--- Data in this exercise ---

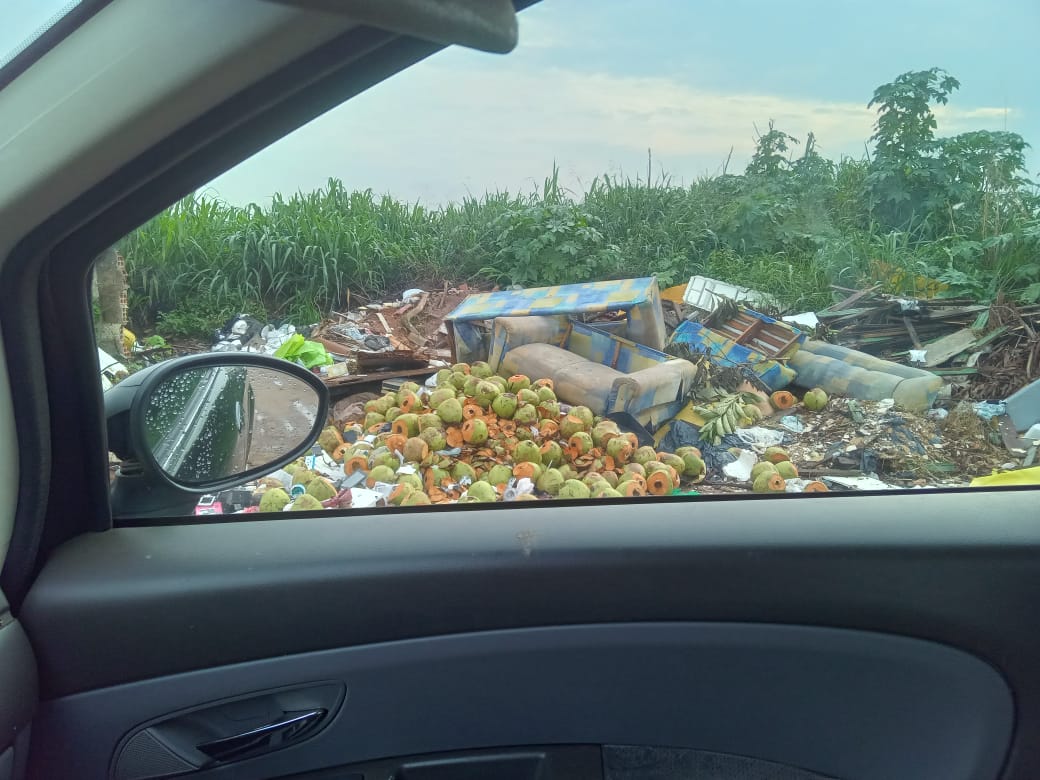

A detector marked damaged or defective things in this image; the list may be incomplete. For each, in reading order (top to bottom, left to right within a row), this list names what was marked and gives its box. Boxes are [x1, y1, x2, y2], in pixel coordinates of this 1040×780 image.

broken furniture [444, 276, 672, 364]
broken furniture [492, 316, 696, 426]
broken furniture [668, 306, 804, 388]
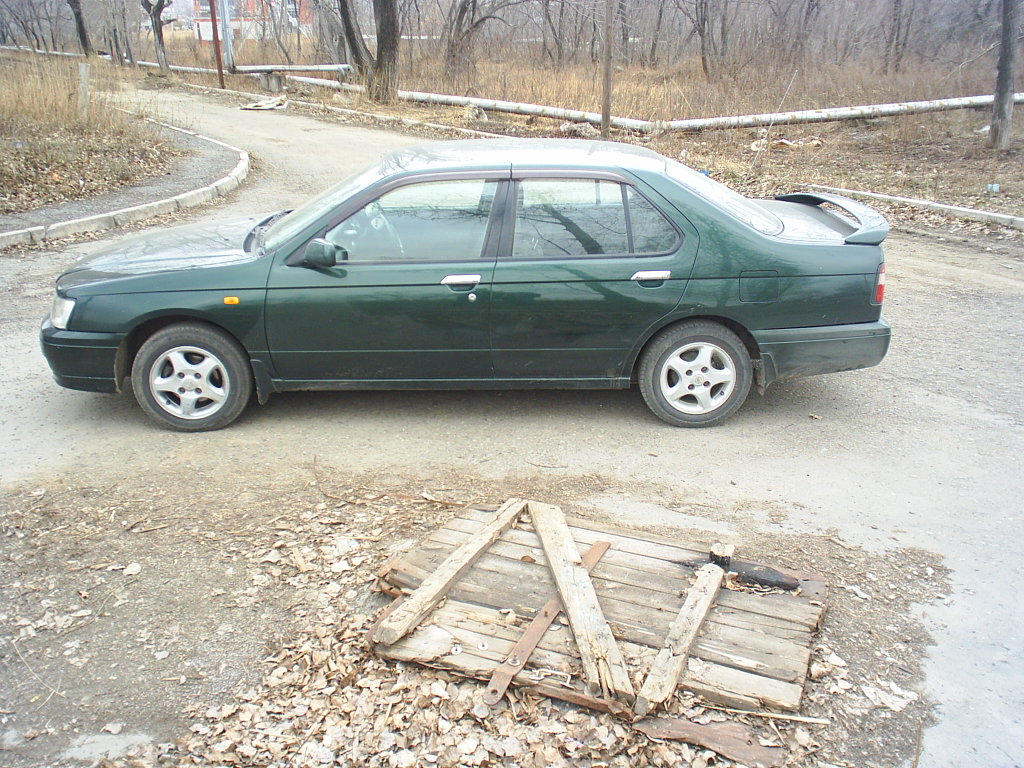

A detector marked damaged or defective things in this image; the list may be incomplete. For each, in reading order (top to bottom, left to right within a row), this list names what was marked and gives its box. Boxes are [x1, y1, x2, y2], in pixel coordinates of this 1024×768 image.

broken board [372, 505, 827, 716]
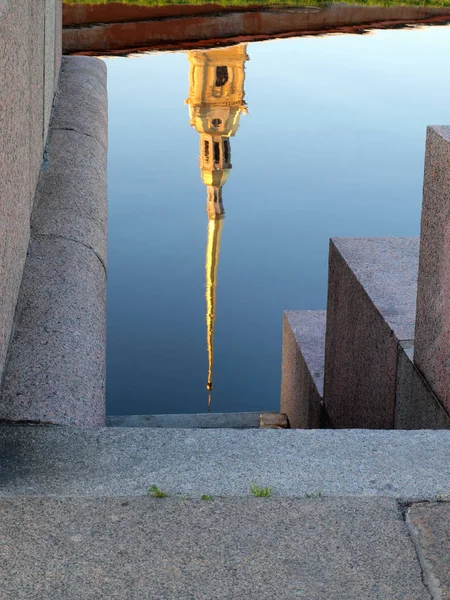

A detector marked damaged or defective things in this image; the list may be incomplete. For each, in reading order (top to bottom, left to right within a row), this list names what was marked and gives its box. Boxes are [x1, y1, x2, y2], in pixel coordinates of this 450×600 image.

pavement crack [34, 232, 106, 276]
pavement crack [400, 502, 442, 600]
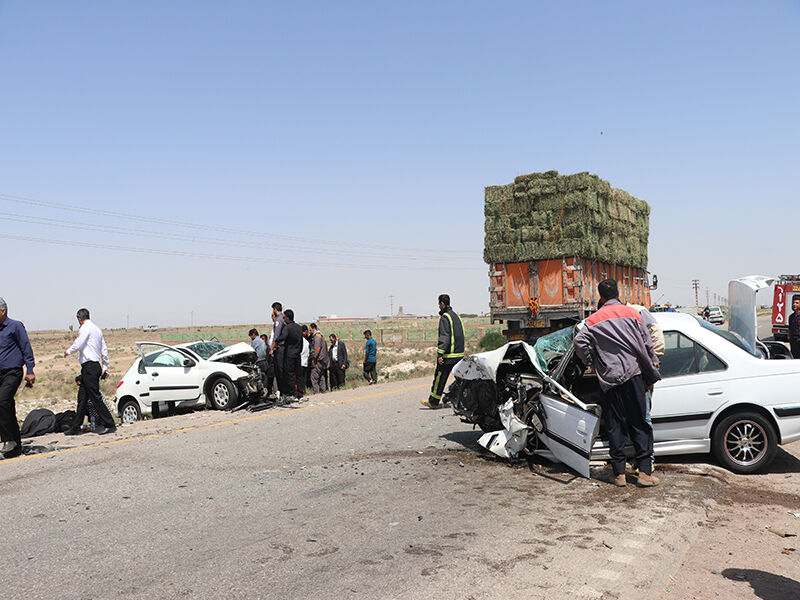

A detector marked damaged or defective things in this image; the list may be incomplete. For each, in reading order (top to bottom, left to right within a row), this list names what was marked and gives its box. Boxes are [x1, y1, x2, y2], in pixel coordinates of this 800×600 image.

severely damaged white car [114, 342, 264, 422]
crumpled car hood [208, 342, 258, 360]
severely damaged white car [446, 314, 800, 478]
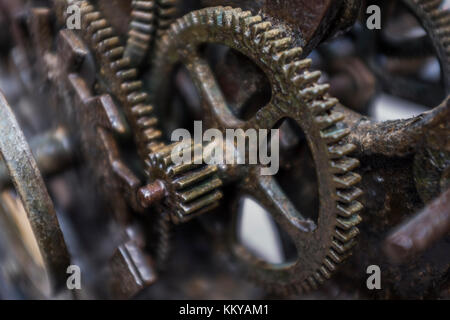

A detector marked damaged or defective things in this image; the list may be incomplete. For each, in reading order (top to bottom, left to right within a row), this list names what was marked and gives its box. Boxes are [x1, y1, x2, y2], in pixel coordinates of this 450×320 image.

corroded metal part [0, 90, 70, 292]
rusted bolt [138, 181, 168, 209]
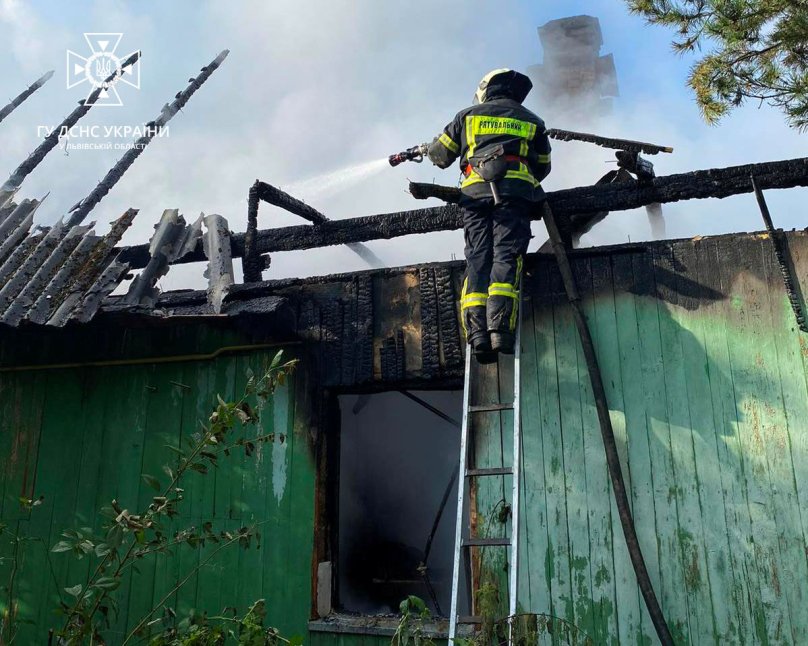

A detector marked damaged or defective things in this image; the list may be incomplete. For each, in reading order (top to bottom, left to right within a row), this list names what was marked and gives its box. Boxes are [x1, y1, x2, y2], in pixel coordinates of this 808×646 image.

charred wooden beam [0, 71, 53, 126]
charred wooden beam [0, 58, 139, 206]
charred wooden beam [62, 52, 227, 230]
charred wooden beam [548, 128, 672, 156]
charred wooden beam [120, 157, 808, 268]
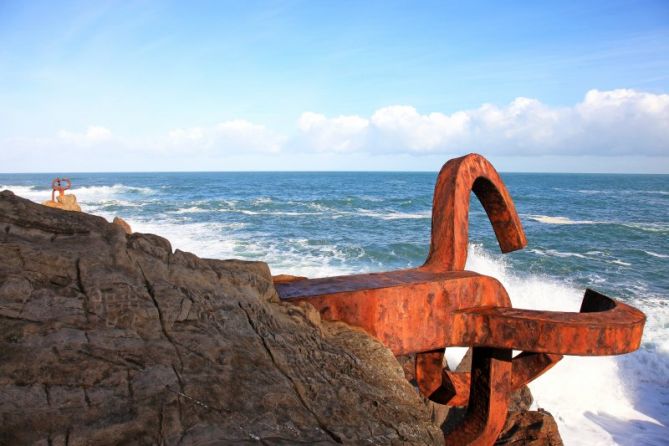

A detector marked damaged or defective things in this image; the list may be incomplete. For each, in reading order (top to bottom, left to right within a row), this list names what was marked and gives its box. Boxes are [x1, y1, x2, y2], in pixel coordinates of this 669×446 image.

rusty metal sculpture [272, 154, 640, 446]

* * *

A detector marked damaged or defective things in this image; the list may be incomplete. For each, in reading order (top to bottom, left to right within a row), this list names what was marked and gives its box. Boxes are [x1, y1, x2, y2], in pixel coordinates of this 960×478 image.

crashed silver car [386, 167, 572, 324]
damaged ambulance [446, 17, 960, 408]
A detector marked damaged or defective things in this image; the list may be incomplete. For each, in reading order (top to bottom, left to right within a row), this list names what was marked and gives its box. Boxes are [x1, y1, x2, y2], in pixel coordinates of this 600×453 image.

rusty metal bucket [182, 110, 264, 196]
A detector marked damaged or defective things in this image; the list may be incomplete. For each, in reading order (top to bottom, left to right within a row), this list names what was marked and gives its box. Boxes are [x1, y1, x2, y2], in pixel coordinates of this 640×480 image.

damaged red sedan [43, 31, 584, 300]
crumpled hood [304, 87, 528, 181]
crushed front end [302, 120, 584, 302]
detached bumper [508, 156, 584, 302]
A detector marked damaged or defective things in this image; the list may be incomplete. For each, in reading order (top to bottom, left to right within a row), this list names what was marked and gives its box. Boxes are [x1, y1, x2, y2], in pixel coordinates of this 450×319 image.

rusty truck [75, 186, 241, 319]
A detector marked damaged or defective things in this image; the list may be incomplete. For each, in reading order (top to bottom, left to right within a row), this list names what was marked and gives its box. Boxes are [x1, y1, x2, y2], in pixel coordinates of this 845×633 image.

--- Task objective ---
Beginning with the line containing "this 450×319 image." in the material above, copy every line exactly until you have copied the line containing "this 845×633 image.".

--- Response ---
A detector marked damaged or defective things in this image; the list may be incomplete. For each, in reading order (top to bottom, left to right within a row), this list names what was marked and gives its box. Boxes are [x1, y1, x2, y2], in pixel coordinates of this 450×319 image.

rusty truck [75, 186, 241, 319]
A detector marked damaged or defective things in this image; the list may be incomplete. For each, in reading order (top to bottom, left to right within a row), this list names what was marked and gives its box. Boxes are [x1, y1, x2, y2], in pixel coordinates of this 845×633 image.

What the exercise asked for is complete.